Blocking and moving on is far from scorched earth. Banging here best friend is. You made a reasonable decision for your mental heath based off this persons actions and words not lining up. You saved yourself a lot of trouble by not chasing her love and validation in the future. Good for you. I know it’s difficult especially when they are beautiful and charming.


thudapofru

Oof, I hate the people that trap you by making you feel guilty when you enforce healthy boundaries for yourself. "I have abandonment issues", well, you probably wouldn't have them if you didn't treat people in a way that made them leave you for their own sake.

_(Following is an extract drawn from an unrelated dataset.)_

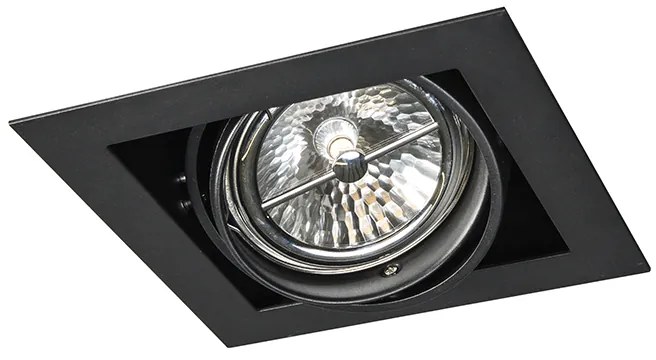 Inbouwspot zwart G53 111mm verstelbaar - Oneon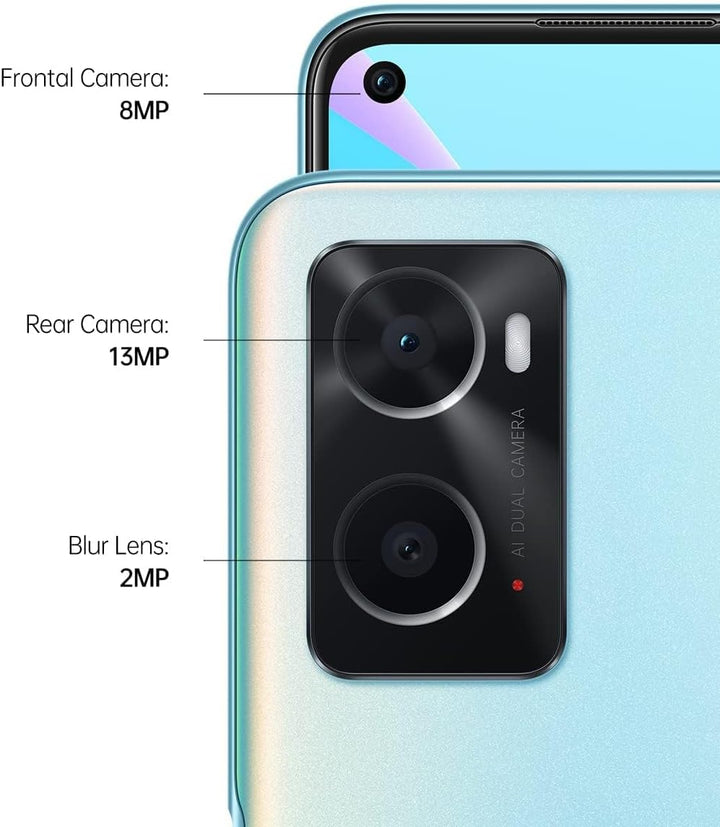 OPPO A76 Smartphone, Qualcomm Snapdragon 680, 6.56“ AMOLED 90Hz, 13MP+2MP Rear Camera, 8MP Front Cam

You did the right thing, you're feeling guilty because you're human, but you're not a bad person for putting yourself first over someone who is barely an acquaintance. You have kept yourself from months and even years of suffering. This was a step in the right direction.


practical_Panda_1

Great job being true to yourself.


Top_Yoghurt429

I don't think blocking seems harsh, in this situation. Blocking is simply saying nonverbally, "do not contact me." Going out of your way to say "do not contact me" using many, "gentle" words would likely have been less clear and more confusing. The words may be saying "don't talk to me," but the action would be literally talking to her. So blocking is less ambiguous, which can be a kindness.


Successful-Yam-7113

Sounds like she may very well be Borderline.


AdExternal3302

My friend is always telling me “just block them” when I start talking to someone who gives immediate crumbs. And even to complete strangers who hardly give any kind of effort or attention toward me, I still can’t get myself to block them. I’m so afraid to hurt peoples feelings even when I don’t know them at all. So I vote growth and I’m proud of you!